Após quebra da Ampla Planos, Justiça obriga Qualicorp a oferecer portabilidade a gestante sem novas carências

Tutela de urgência obriga Qualicorp a oferecer plano equivalente a gestante após colapso da Ampla, sob multa, preservando carências já cumpridas.

Créditos da imagem: ALEX SILVA

A 31ª Vara Cível do Foro Central de São Paulo determinou que a Qualicorp Administradora de Benefícios apresente a uma consumidora grávida opções de planos de saúde de seu portfólio compatíveis com o contrato original, sem imposição de novas carências ou de nova Cobertura Parcial Temporária (CPT). A decisão, em tutela de urgência, vem cerca de dois meses depois de a Agência Nacional de Saúde Suplementar (ANS) decretar a alienação compulsória da carteira da operadora Ampla Planos de Saúde, cujo plano era administrado pela Qualicorp.

O caso

A autora aderiu em novembro de 2023 a um plano coletivo por adesão, com cobertura ambulatorial, hospitalar e obstétrica de abrangência nacional. Grávida de 20 semanas, com parto estimado para setembro de 2026, ela relatou que, a partir do início de 2026, os hospitais credenciados em sua região, Jandira (SP), deixaram de atender pelo plano. A situação se agravou com a Resolução Operacional ANS nº 3.125/2026, de 24 de abril, que determinou a alienação compulsória da carteira da Ampla por anormalidades econômico-financeiras e administrativas graves e suspendeu a comercialização de seus produtos.
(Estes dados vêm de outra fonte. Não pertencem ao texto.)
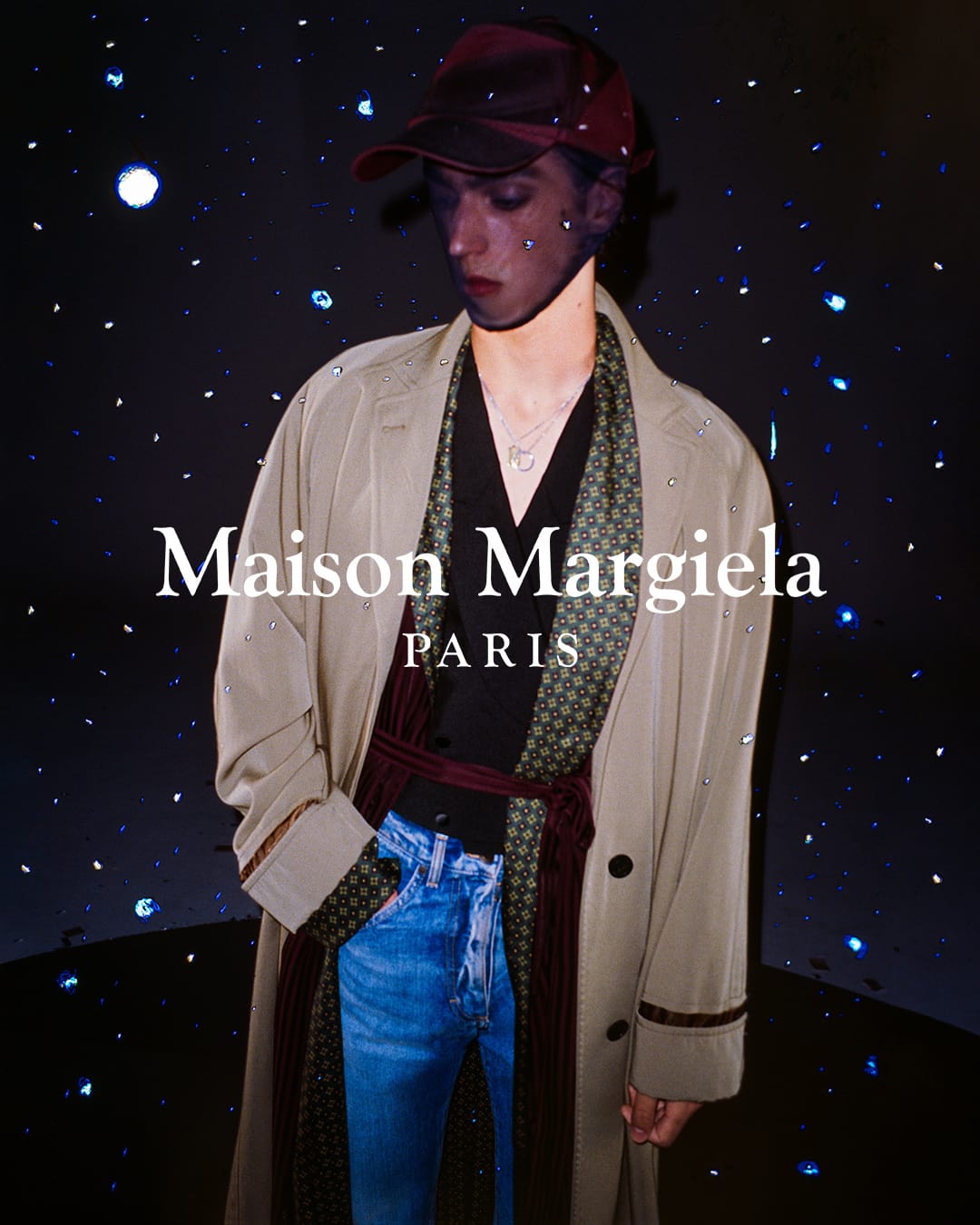 Fashion shot featuring a model in a beige trench coat, blue jeans, and a burgundy cap, set against a dark backdrop with sparkling lights.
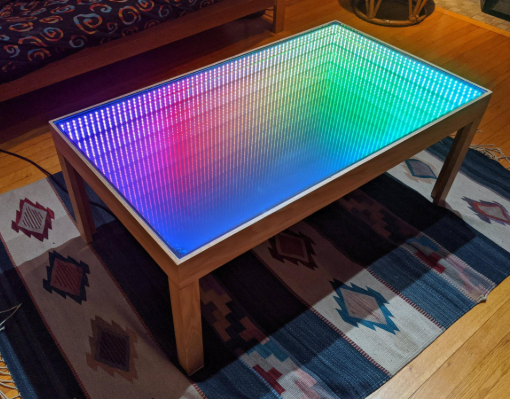 Infinity mirror table structure for restaurant ambient lighting feature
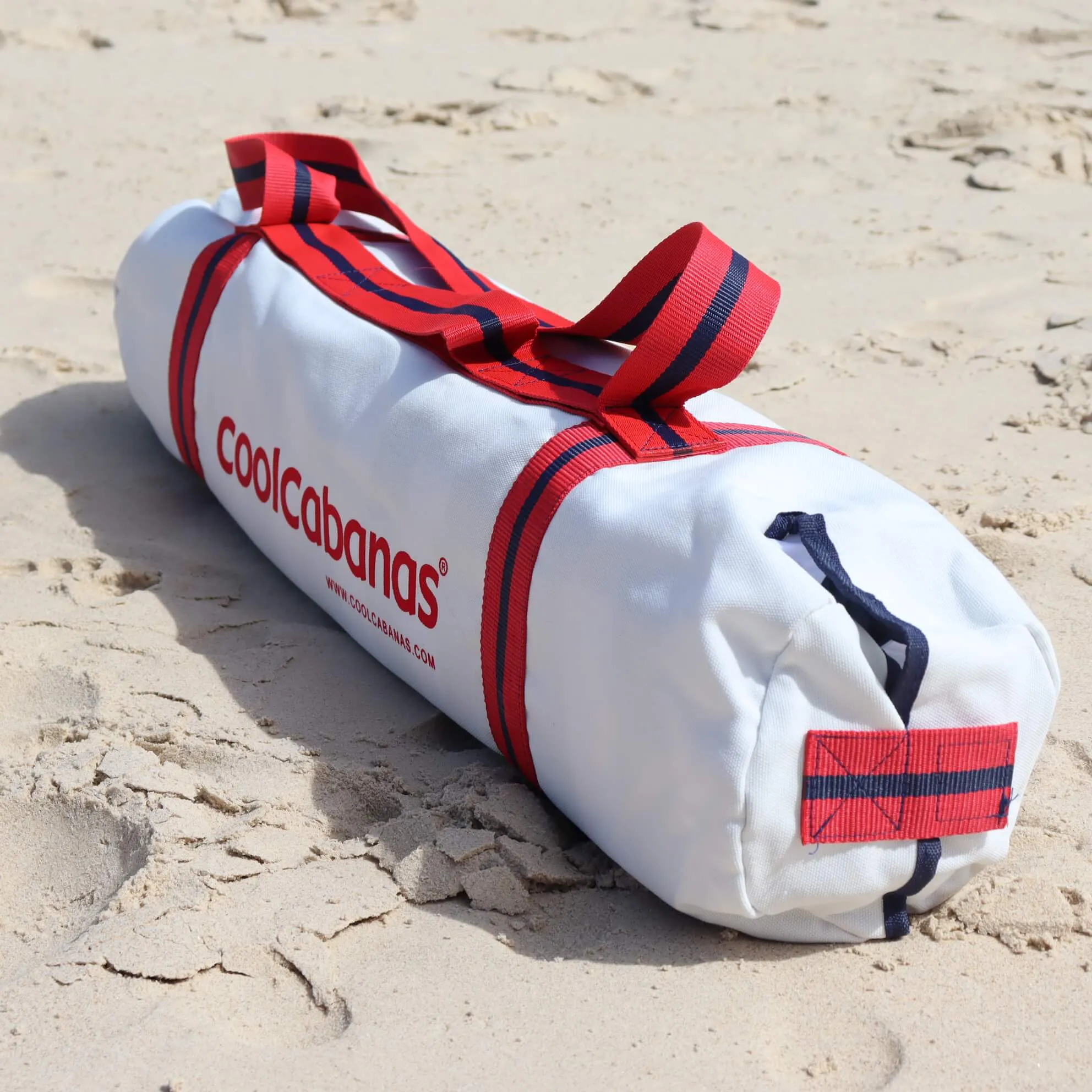 White and red CoolCabana packed in carry bag on Coolangatta beach, Queensland.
Ao buscar portabilidade, a consumidora foi informada de que não havia planos disponíveis para sua localidade e orientada a procurar opções fora da administradora, sem garantia de aproveitamento das carências já cumpridas. Apesar de manter os pagamentos em dia, foi cadastrada como “beneficiária inativa” em maio de 2026 e passou a arcar com exames pela via particular.

O que decidiu a Justiça

A juíza reconheceu a probabilidade do direito e o perigo na demora, este último qualificado como de natureza gravíssima diante da gestação em curso e da necessidade de acompanhamento pré-natal e de leito para o parto. Afastou ainda a alegação de ilegitimidade da administradora, com base em jurisprudência do TJ-SP que reconhece a responsabilidade solidária da Qualicorp por integrar a cadeia de fornecimento do serviço de saúde.

Frente à colisão de interesses, deve prevalecer o direito fundamental à vida, à saúde e à dignidade da pessoa humana.


Gisele Valle Monteiro da Rocha

Juíza de Direito, 31ª Vara Cível do Foro Central de São Paulo · 22.05.2026

Pela decisão, a Qualicorp tem 10 dias para apresentar a lista de planos com cobertura ambulatorial, hospitalar e obstétrica, rede credenciada próxima a Jandira e equivalência de mensalidade, preservadas as carências já superadas, sob pena de multa diária de R$ 1.000, limitada por ora a R$ 30.000. Caso não haja rede apta a atender a gestante na região, a administradora deverá custear integralmente o pré-natal e o parto em clínica particular escolhida pela consumidora.

A advogada Lívia Barbosa (OAB/SP 515.147) atua pela autora.